Yesön Zuil, where Avtai met the mendicant who was thought, at least by some, to be the Third Lama Dalai in one form or another, and where Zanabazar was born, is located in what is now Övörkhangai Aimag, about twenty-seven miles south of a village of the same name. The geographical center of the current country of Mongolia is about thirty miles north of here, near the town of B ürd. At Yesön Zuil—Zanabazar’s birthplace, and not the village—were nine springs which never froze over in winter (according to locals these springs have since gone dry), and it is these which give the place its name yesön = nine; zuil = types, or kinds). Eventually a temple was built on the site where legend maintains that Avtai built the ovoo to commemorate his meeting with mendicant-lama he believed to be the Dalai Lama. Because it was surrounded by eight large stupas it became known as the Eight Stupas Temple. It was destroyed in the 1930s by the communists, who were particularly keen on erasing any memories of Zanabazar, the first of the Bogd Gegens, the figureheads of Buddhism in Mongolia. Local people and pilgrims later heaped up rubble from the ruins into a large ovoo which stood as a replacement for Avtai’s original monument and the Eight Stupa Temple. When I first visited here in 1997 the stone bases of two of the stupas were still visible.
Some locals claimed that Zanabazar was born on this spot, while others maintain he was born just behind a small pond about a mile and half to the northeast—there is no actual marker to show the place—and that his umbilical cord was buried here at the ovoo. Locals also say that about a mile to the southeast is a spot where Zanabazar’s baby clothes were burned, as was the tradition, after he no longer needed them. When I returned to Yesön Zuil in 2003 I discovered that the year before a small white temple had been built about a hundred yards away from the ovoo. This temple now commemorates the birthplace of Zanabazar.
New temple commemorating the birthplace of Zanabazar
A little over a mile away, on higher ground, Dashgungaa Dejid Monastery had also been established to honor Zanabazar. It too was destroyed during the anti-religious campaigns of the 1930s. In 1997 the ruined walls of some of the buildings of this monastery still stood, but by 2003 they had been torn down for building materials. In the early 1990s a small temple and a white stupa were constructed next to the ruins. In 1995 a painting and a near-life-sized statue of Zanabazar were placed in the otherwise sparsely appointed temple to commemorate the 380th anniversary of Zanabazar’s birth.
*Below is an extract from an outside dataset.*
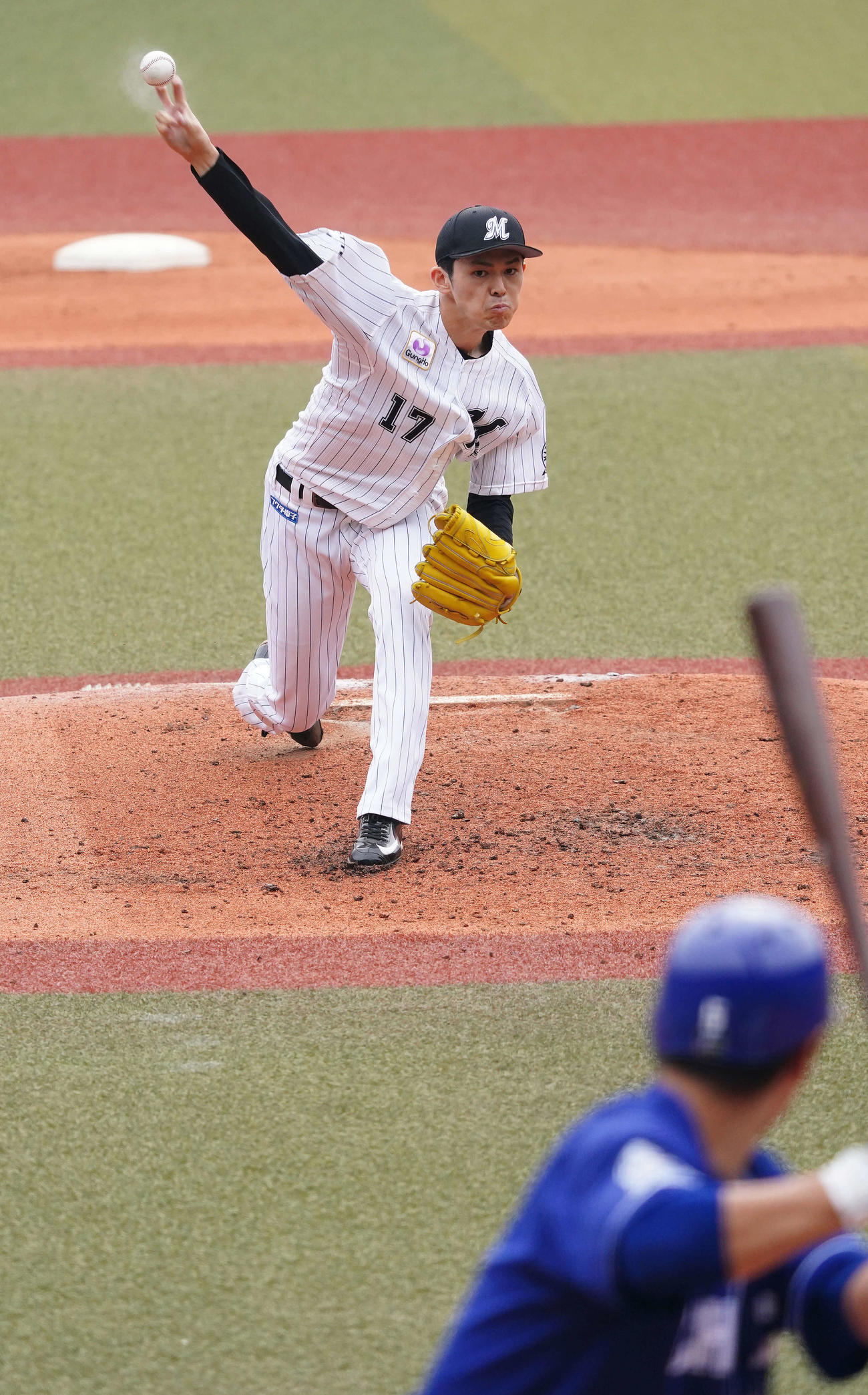 ロッテ対中日　6回表から2番手で登板したロッテ佐々木朗。打者中日阿部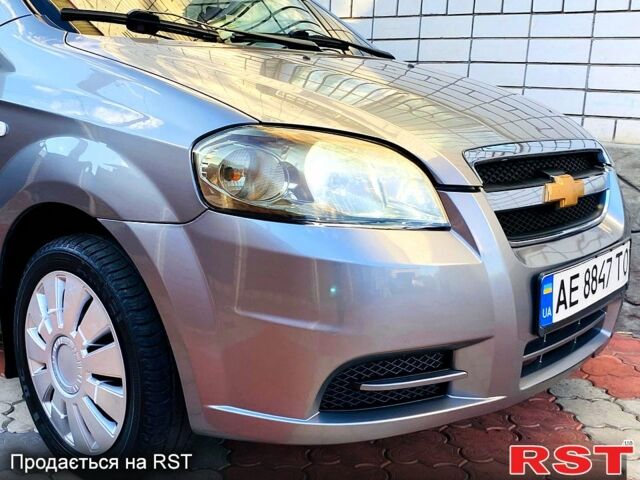Серый Шевроле Авео, объемом двигателя 1.5 л и пробегом 260 тыс. км за 3800 $, фото 2 на Automoto.ua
In 1997 an old monk who had witnessed the destruction of both the Eight-Stupas Temple and Dashgungaa Dejid Monastery still lived in a ger near the ruins, but he was ill and too weak to talk about those unfortunate times. It would appear that despite the deprecations of the past, however, once again Zanabazar is being remembered here.
It did not take long for stories of Gombodorj Khan’s remarkable little boy to spread throughout Khalkha Mongolia. Setsen’s Khan’s prophecy, allegedly made before the boy was born; the signs and portents surrounding his birth; the findings of soothsayer Setsen Khan had sent to examine the boy; the boy’s amazing utterances and extraordinary behavior; his taking of his first monastic vows at the age of three, all would have been commented on and elaborated upon at great length in a country where people thought nothing of traveling hundreds of miles by horse simply to visit acquaintances and hear some interesting tidbit of news. By the time he was four years old not only the Buddhist hierarchy of Mongolia but even the ruling khans and princes realized that he was destined to play a unique role in the history of their country. Thus in 1639 a great convocation was held to enthrone him as head of the Sakya sect of Tibetan Buddhism in all of Khalkha Mongolia and establish for him his own monastery.
From as far away as Buir Nuur to the east and the shores of huge salt lakes in the Great Depression in the west, and from the edge of the Siberian taiga in the north and the depths of the Gobi Desert in the south, the khans and their entourages of the khanates of Khalkha Mongolia converged on the territory of the Zanabazar’s father the Tüsheet Khan Gombodorj. They all met about forty-eight miles north of Yesön Zuil, at a small lake surrounded on three sides by hills covered with the sand dunes of the so-called Mongol Els—a belt of dunes up to five miles wide and trending north-south for over fifty miles. On the fourth side loomed, like a backdrop of the huge natural amphitheater, the 5477 foot-high massif of Ikh Mongol Uul. This spot, thought to be very near the geographic center of ancient Khalka Mongolia, and just eighteen miles northeast of the geographical center of the current country of Mongolia, was known as the khüis—“navel”—of the Mongol realm. It eventually became known as Shireet Tsagaan Nuur (White Throne Lake).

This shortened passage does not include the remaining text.